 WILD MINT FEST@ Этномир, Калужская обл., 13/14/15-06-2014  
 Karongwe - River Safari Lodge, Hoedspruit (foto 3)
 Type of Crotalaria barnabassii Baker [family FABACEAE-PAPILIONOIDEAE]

...

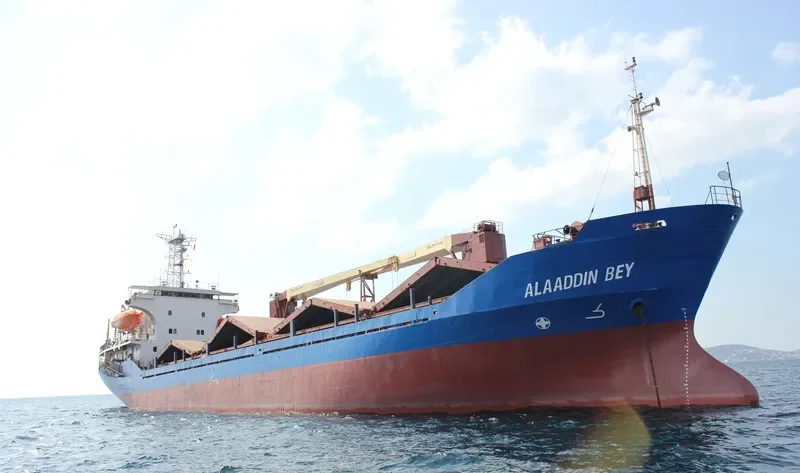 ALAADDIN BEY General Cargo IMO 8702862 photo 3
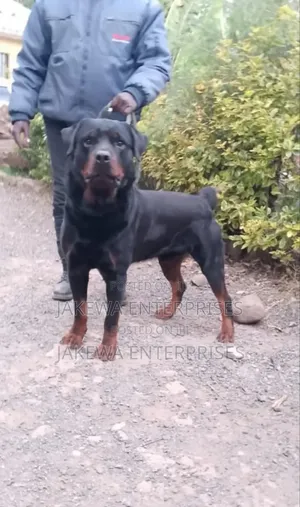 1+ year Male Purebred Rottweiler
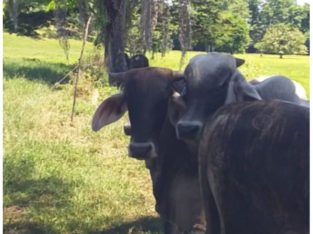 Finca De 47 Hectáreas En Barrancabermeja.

==

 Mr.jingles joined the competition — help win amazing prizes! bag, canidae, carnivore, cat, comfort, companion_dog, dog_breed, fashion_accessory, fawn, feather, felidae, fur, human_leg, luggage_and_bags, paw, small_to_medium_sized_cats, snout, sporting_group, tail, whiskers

Your goal: From the line that has "WILD MINT FEST@" through the line that has "Type of Crotalaria", copy every line exactly as it appears above, and leave out all others.

Worked solution:
 WILD MINT FEST@ Этномир, Калужская обл., 13/14/15-06-2014  
 Karongwe - River Safari Lodge, Hoedspruit (foto 3)
 Type of Crotalaria barnabassii Baker [family FABACEAE-PAPILIONOIDEAE]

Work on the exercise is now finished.